The notion that CGIs facilitate promoter function fits well with their presence at TSSs, but is challenged by two observations that appear to weaken the link with genes. Firstly, genomic analysis has indicated that the number of CGIs in humans and mice is very different, with mice apparently possessing little more than half the number present in humans 
. Lack of evolutionary conservation would argue against a central role in promoter function. A second reason to query the importance of CGIs has come from the use of CXXC Affinity Purification (CAP) to identify a large fraction of CGIs. Mapping showed that many CGIs in the human genome are not coincident with annotated promoters, but are either intergenic or within the body of coding regions (intragenic) 
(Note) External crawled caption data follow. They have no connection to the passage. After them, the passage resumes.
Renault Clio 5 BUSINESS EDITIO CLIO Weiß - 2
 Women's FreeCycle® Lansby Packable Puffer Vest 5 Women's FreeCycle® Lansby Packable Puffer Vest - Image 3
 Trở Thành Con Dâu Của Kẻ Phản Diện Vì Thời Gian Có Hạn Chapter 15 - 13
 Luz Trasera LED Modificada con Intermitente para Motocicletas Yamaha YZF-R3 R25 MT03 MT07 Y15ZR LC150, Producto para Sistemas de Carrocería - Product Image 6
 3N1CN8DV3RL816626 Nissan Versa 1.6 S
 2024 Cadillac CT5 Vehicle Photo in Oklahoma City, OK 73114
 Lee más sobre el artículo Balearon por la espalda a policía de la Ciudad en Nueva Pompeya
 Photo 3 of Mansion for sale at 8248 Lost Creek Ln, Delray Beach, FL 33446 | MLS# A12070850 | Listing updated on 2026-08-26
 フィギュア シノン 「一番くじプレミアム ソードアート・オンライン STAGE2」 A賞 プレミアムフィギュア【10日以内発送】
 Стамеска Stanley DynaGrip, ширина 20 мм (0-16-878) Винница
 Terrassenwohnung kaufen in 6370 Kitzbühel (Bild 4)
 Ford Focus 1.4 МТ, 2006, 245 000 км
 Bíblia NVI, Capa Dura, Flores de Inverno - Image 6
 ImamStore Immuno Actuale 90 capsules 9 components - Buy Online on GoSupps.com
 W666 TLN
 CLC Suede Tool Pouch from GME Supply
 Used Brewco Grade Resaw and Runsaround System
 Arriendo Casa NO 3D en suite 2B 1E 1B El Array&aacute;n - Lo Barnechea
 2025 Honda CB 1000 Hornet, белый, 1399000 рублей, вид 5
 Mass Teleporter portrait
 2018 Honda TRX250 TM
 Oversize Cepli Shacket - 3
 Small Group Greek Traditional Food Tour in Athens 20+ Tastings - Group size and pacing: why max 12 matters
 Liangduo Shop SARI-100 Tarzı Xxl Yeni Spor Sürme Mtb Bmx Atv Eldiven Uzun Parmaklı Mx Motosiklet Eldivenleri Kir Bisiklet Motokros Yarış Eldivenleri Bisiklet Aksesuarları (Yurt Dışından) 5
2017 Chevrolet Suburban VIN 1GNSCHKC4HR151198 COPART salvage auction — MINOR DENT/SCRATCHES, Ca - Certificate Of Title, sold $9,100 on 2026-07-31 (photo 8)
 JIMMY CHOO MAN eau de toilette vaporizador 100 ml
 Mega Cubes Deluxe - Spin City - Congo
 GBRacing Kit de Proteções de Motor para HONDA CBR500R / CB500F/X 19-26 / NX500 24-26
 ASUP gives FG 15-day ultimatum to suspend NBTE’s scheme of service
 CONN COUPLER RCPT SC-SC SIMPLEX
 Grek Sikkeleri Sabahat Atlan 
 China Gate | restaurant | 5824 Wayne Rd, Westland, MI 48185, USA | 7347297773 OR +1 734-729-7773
. To clarify these issues we have compiled a comprehensive CGI map for three developmentally distinct human and mouse tissues (sperm, whole blood and cerebellum). The results show that, contrary to previous conclusions, the numbers of CGIs in human and mouse are very similar. Moreover, in both organisms approximately half of all CGIs are remote from annotated promoters. These “orphan” CGIs co-localise with peaks of H3K4me3 and evidence suggests that a large proportion recruit RNA polymerase II (RNAPII) and give rise to novel transcripts. We find that de novo methylation during development predominantly affects orphan CGIs in both humans and mice, with few protein-coding gene promoters being methylated. This contrasts with the situation in colorectal tumors, where cancer-specific de novo methylation affects both CGI categories equally, with a strong preference for those marked in ES (embryonic stem) cells by H3K27me3 – the chromatin modification that is associated with polycomb-mediated repression 
. Our findings sustain the notion that all CGIs correspond with promoters and that many orphan CGIs are associated with novel transcripts that may have regulatory significance.